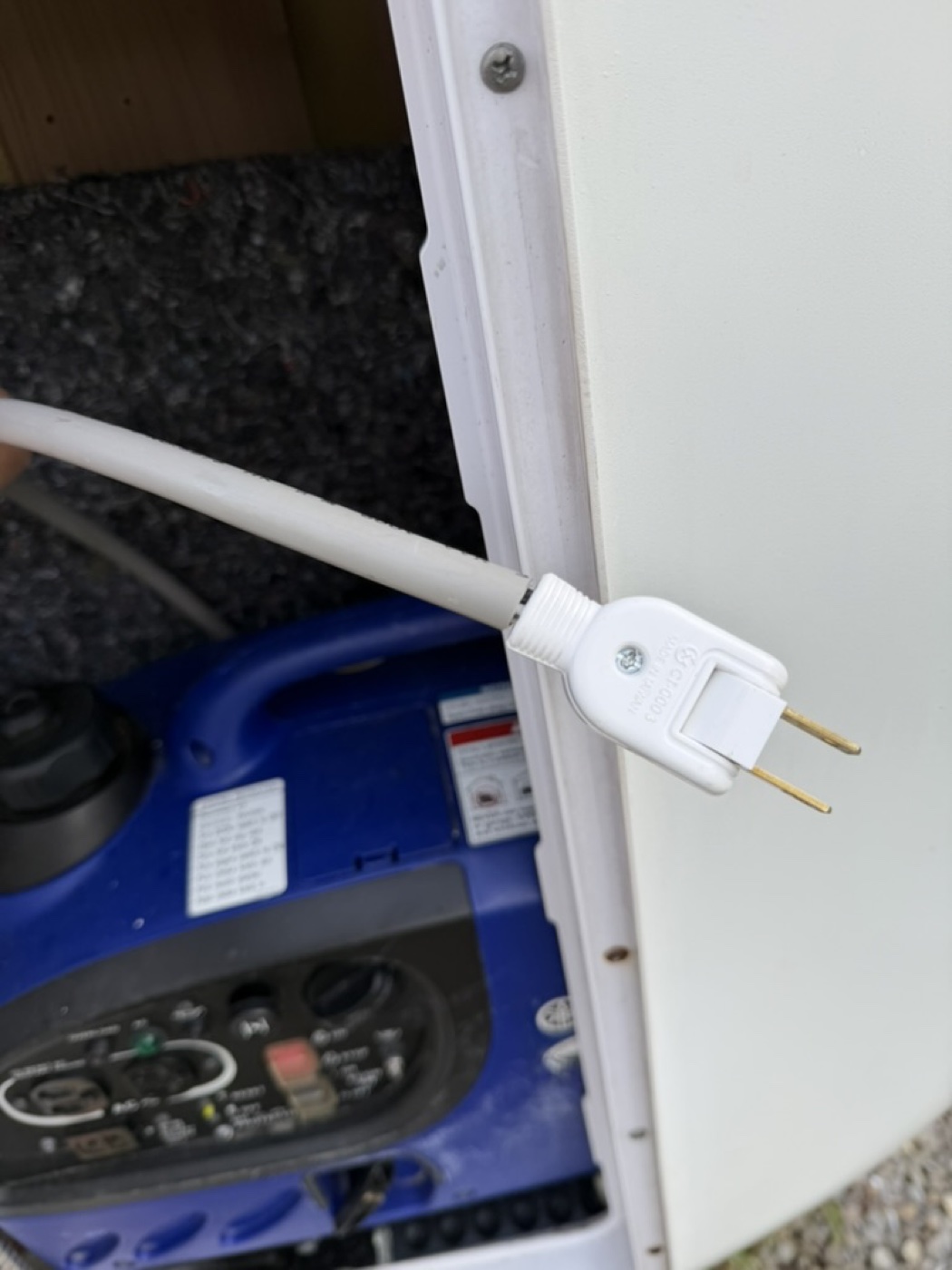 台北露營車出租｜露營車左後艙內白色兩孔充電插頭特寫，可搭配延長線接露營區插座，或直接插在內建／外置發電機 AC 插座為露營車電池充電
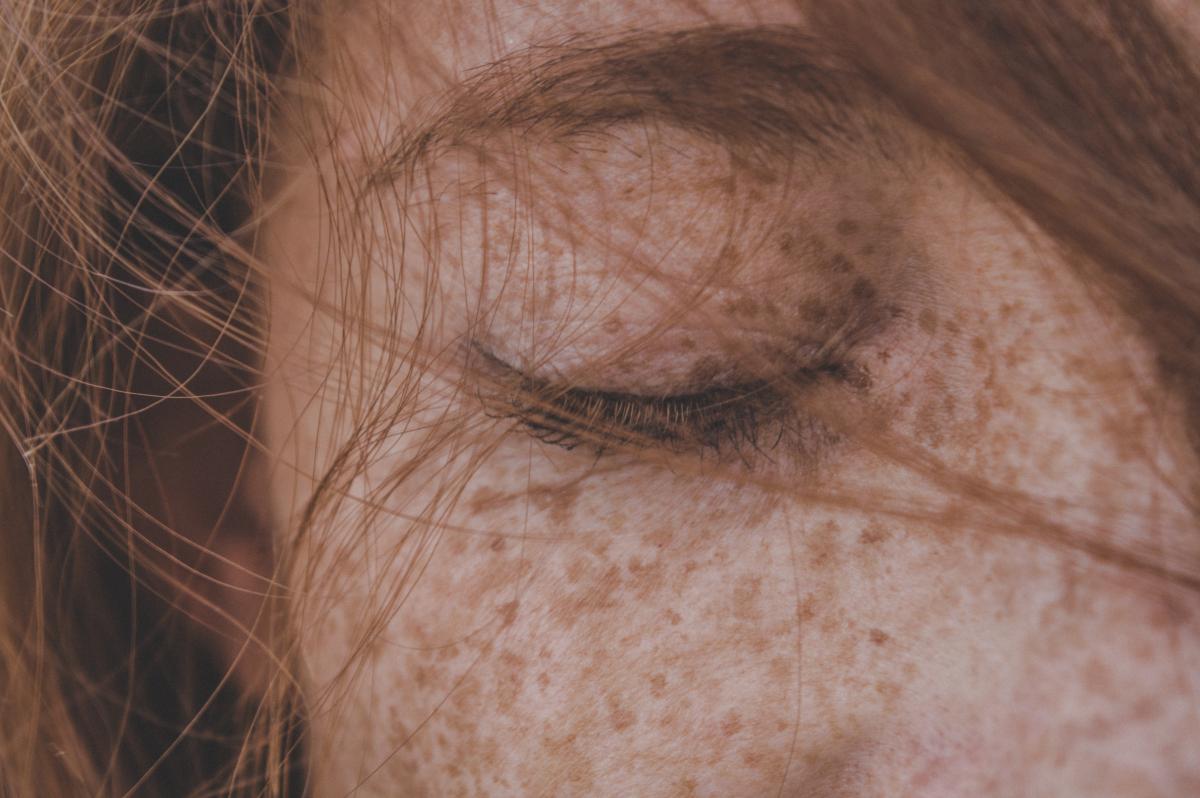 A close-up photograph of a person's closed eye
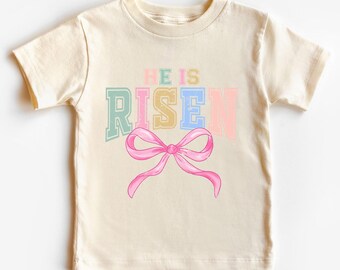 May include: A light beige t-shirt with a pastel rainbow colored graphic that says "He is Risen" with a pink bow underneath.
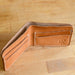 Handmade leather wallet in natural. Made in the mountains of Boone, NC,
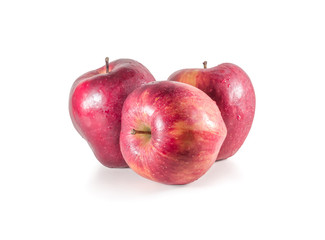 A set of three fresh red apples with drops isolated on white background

**The problem**
The expected output is the lines from the line that contains "A close-up photograph" through the last line of the material, reproduced exactly, with both ends present and pictures absent.

**Task output**
 A close-up photograph of a person's closed eye
 May include: A light beige t-shirt with a pastel rainbow colored graphic that says "He is Risen" with a pink bow underneath.
 Handmade leather wallet in natural. Made in the mountains of Boone, NC,
 A set of three fresh red apples with drops isolated on white background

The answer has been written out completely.